:: EXERCISE INPUTS

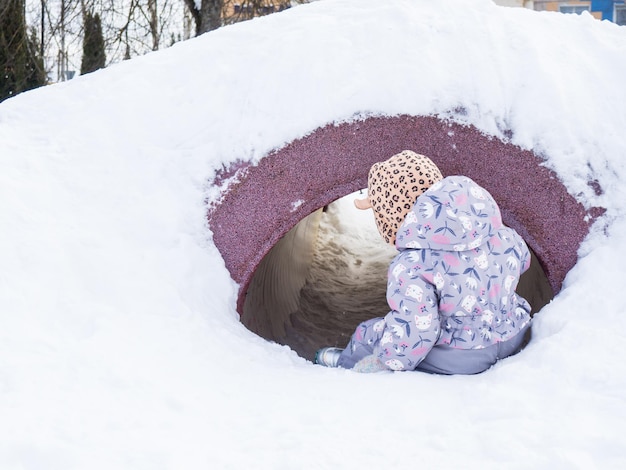 Het kind vermaakt zich in de winter op de speelplaats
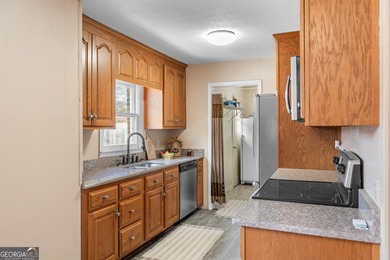 This four-sided brick, one-level home offers 3 bedrooms and 1.5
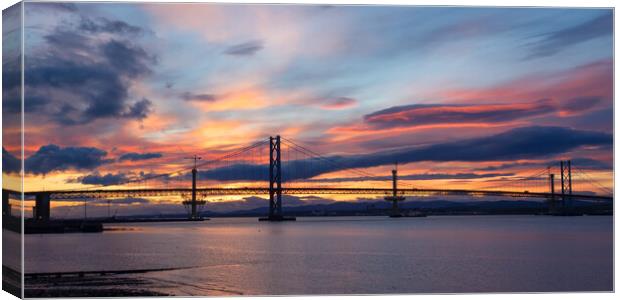 Forth Bridges At Sunset. Canvas Print by Tommy Dickson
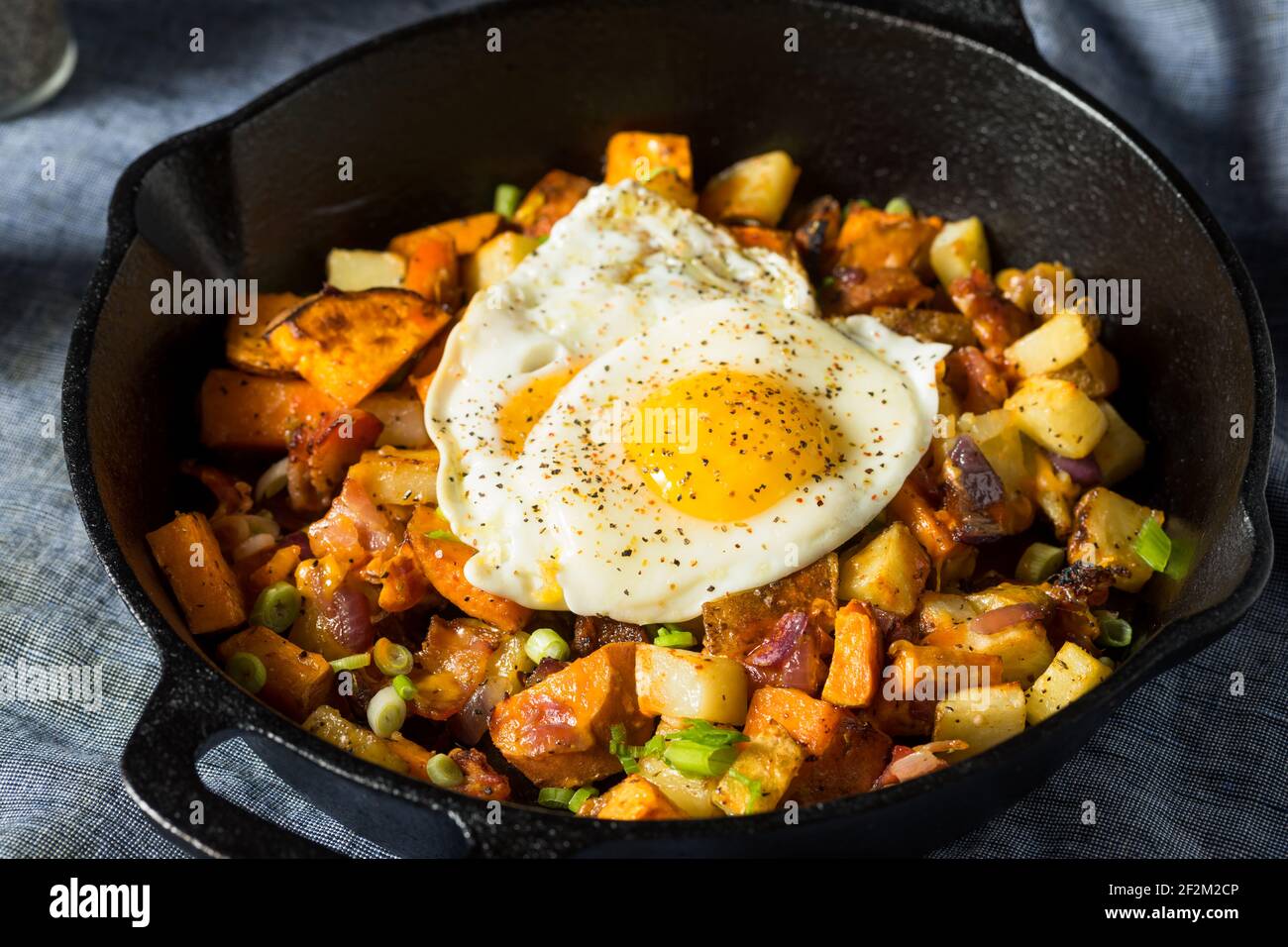 Homemade Healthy Sweet Potato Hash with Fried Eggs Stock Photo Alamy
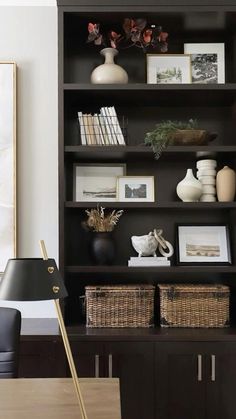 a black bookcase with baskets and pictures on it next to a lamp in a living room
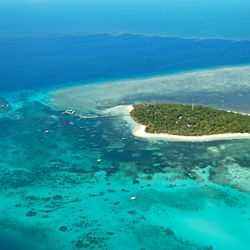 High angle view of island amidst sea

::::

*TRY IT*. With the pictures omitted, reproduce the records in full and exactly.

*YOUR SOLUTION*.
 Het kind vermaakt zich in de winter op de speelplaats
 This four-sided brick, one-level home offers 3 bedrooms and 1.5
 Forth Bridges At Sunset. Canvas Print by Tommy Dickson
 Homemade Healthy Sweet Potato Hash with Fried Eggs Stock Photo Alamy
 a black bookcase with baskets and pictures on it next to a lamp in a living room
 High angle view of island amidst sea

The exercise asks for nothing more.